It's not always easy being green.

I ride my bike. That was the first line in my first column, way back in February.

The day after it was printed, a friend — who commutes by bike and doesn't own a car — called me.

"It says you ride your bike," he said.

"And?" I said.

"Well ..."

"I ride my bike," I said. "I ride it sometimes."

On the other end was silence.

"OK, not much recently, but it's winter," I said. "There's ice on the ground. It's dangerous. I could slip."

"Uh huh."

"Well, I'm going to start riding it. Riding it more, I mean. You'll see."

The next day, I got back on my bike. On my way downtown, I pedaled under a sunny sky. Life was good.

On my way home, I got pelted by a freak snowstorm. I walked in the front door soaked, with helmet hair and an oiled leg.
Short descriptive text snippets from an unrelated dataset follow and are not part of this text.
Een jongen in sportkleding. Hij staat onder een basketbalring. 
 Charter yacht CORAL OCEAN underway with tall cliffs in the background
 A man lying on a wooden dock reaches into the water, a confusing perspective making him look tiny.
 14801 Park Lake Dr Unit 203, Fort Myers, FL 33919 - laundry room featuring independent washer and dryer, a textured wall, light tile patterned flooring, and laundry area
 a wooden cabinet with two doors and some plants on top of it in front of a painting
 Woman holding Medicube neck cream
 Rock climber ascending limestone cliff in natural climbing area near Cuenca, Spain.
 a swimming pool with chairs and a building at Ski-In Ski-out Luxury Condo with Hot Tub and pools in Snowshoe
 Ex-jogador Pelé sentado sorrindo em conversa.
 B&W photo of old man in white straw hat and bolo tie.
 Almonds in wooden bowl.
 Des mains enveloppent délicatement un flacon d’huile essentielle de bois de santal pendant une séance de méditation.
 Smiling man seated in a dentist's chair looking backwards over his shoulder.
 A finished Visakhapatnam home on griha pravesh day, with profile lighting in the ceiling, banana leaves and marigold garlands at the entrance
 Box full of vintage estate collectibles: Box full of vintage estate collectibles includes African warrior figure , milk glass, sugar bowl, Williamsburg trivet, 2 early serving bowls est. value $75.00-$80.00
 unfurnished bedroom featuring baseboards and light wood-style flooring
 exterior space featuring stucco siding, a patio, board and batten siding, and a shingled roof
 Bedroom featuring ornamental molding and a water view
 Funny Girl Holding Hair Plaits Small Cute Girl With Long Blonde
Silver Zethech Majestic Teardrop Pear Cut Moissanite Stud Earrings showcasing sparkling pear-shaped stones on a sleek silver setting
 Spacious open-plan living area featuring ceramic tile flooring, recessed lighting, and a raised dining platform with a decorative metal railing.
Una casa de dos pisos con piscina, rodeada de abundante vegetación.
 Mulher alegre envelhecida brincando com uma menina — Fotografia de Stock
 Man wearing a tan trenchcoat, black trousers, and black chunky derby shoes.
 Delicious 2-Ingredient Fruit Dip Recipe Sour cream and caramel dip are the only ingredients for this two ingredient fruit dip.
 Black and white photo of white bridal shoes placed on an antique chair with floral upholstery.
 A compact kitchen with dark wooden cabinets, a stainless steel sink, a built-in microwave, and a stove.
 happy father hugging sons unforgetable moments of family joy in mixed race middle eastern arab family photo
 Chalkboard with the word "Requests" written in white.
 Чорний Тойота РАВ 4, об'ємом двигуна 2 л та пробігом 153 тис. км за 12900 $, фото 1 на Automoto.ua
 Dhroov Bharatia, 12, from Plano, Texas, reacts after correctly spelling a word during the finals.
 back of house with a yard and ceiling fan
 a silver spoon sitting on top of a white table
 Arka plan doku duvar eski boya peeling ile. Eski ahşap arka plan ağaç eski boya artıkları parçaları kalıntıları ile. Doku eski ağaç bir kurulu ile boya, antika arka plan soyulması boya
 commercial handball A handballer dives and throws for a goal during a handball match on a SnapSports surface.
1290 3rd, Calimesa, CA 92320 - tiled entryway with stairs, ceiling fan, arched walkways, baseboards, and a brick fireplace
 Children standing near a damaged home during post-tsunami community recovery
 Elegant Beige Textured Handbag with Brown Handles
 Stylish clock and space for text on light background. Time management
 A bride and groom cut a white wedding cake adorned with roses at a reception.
"What happened to you?" my housemate asked.

"I rode my bike."

"Looks like you got run over by your bike."

"Thanks."

It's not always easy being green.

Being eco-conscious takes mental — and physical — work. It often means exchanging convenient for challenging. It means looking at the consequences.

Green living involves looking at the sum of the parts, and at each part. It's like a bike: each part has to be in order for the whole to work, and when it's working, you can really get somewhere.

As long as you don't give up.

I vowed I wouldn't. A bit of weather and bad hair wasn't going to get me down.

Plus, I'd already fudged the truth about bike riding once — my apologies, readers — so I figured I'd better not again. Karma, you know?

Even though my car is fuel-efficient, it sends far more greenhouse gases into the atmosphere than my bike. That said, the first week I was back on my bike, I'm sure the carbon dioxide I exhaled huffing and puffing uphill could have kept a small grove of trees busy.

I've kept riding, and I've gotten better. Since that the first week of soreness and tailbone bruises, bike riding's been 100 percent awesome.

Life is good. And the bike-riding life is even better.

I'm trying to use my car as sparingly as possible. I've learned to gear up for inclement weather and I've bought lights for riding at night.

I've ridden with a backpack full of groceries and a bag full of library books. I've ridden so much my hands are chapped.

I'm getting really in to it. I don't think I'm quite ready for the spandex outfit or the trick pegs, but maybe next month.

Because I'm not giving up. I've been down that path, and I'm not going back.

Bike riding actually fits right in with my philosophy on green living. I believe in making small lifestyle changes that, over time, can have big benefits.

Imagine if everyone in Ashland decided to go car-free for one day each week. In a year, we'd shrink our carbon footprint considerably.

But, whether it's 20,000 people or 20 people who opt for alternative transportation, I think it makes a difference.

Let's hope this car-free road isn't the one less traveled for long. Let's hope it's full of bike riders, bus takers, walkers and electric-vehicle drivers. And let's hope, just like my experience on my bike, it gets easier as it goes.

I'm trying to do my part. I'd love to hear from others who are using alternative transportation. If you see me around town, feel free to share your stories and tips.

Just know I'll probably have helmet hair. And I won't care.